- Born: 8 July 1896 Llanyre, Wales
- Died: 1979 (aged 82–83) Maidstone, England
- Education: Calderon School of Animal Painting; Saint Martin's School of Art; British School in Rome;
- Known for: Sculpture

= Doris Lindner =

British artist

Doris Lexley Margaret Lindner (8 July 1896 – 1979) was a British sculptor who specialised in creating figures of animals and birds.

==Biography==
Lindner was born at Llanyre in mid-Wales, and spent her childhood in Winchester. Her mother was Welsh and her father was English and the family had sufficient income to employ several servants. Lindner studied at the school of animal painting run by William Frank Calderon in London and then at Saint Martin's School of Art in central London before completing her studies at the British School in Rome.
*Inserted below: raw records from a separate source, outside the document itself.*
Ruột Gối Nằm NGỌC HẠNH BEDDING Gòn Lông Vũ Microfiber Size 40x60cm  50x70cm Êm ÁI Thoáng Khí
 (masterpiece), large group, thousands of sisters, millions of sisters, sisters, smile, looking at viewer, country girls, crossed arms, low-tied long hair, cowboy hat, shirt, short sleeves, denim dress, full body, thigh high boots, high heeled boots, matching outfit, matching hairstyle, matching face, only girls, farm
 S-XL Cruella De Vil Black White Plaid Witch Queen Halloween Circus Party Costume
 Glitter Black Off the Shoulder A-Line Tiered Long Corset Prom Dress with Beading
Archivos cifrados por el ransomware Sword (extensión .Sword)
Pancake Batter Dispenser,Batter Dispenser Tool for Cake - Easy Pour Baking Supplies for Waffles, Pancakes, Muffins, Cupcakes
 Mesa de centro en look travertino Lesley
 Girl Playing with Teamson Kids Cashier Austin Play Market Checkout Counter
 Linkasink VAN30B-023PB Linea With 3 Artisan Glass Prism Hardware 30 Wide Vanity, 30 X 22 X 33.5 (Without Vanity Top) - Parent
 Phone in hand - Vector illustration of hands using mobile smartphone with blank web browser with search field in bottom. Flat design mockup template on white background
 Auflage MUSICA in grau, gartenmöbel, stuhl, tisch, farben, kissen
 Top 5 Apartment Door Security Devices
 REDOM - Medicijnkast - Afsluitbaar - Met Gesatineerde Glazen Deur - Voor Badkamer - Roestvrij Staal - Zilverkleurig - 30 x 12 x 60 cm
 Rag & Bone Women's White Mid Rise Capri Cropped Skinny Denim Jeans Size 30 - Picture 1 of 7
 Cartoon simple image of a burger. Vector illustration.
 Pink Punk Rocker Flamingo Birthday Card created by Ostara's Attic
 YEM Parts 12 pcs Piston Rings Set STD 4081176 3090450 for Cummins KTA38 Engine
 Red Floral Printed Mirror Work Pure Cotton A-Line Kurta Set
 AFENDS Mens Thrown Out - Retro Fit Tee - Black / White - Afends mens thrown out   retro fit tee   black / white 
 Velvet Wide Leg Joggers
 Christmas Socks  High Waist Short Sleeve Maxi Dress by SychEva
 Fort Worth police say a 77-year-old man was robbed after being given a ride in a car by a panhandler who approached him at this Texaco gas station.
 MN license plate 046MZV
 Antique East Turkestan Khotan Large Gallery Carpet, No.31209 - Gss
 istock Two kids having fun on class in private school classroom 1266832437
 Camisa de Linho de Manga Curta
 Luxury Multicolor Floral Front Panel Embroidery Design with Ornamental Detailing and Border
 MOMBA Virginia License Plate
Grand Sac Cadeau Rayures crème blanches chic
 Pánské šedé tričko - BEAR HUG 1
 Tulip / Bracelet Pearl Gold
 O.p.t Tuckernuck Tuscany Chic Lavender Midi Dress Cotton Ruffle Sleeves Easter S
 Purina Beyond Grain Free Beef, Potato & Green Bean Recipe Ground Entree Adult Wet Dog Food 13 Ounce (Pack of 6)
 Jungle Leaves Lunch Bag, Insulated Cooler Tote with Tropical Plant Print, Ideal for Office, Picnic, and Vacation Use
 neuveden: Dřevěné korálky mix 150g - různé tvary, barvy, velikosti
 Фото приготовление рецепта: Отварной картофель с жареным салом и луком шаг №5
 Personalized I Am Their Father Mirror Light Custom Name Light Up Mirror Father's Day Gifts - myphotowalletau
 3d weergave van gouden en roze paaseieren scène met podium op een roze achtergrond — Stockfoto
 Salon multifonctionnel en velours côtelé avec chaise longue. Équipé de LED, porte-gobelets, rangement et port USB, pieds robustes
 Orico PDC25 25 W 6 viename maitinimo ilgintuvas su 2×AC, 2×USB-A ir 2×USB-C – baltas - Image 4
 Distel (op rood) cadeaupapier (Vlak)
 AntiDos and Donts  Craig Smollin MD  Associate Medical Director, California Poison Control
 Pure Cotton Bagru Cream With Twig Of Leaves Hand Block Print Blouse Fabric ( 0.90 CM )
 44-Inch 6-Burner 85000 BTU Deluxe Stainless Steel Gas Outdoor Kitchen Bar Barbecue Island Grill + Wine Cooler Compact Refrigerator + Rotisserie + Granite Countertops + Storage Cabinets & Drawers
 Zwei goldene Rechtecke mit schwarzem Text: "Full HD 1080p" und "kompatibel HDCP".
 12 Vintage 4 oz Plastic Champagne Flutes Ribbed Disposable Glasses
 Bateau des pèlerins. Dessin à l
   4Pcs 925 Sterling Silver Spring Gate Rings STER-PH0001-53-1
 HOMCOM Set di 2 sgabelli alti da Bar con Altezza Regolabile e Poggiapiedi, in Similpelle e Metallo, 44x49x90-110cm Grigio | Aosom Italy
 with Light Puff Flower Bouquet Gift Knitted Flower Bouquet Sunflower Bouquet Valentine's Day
Lindner specialised in creating figures of birds and animals in stone, plaster, bronze and concrete and many were reproduced in porcelain by Royal Worcester. She also created an equestrian statuette in bronze of Princess Elizabeth which was reproduced in a porcelain limited edition by Royal Worcester and also as a life-size model which was displayed in Selfridges in London as part of the store's 1953 Coronation celebrations. Lindner was a regular exhibitor at the Royal Academy in London, with the Royal Glasgow Institute of the Fine Arts, with the Royal Society of British Sculptors and at the Leicester Galleries. She also exhibited with the London Group and the Royal Society of British Artists.

For most of her career Lindner lived in London but later lived in both Gloucestershire and at Addlestone in Sussex and died at Maidstone in Kent.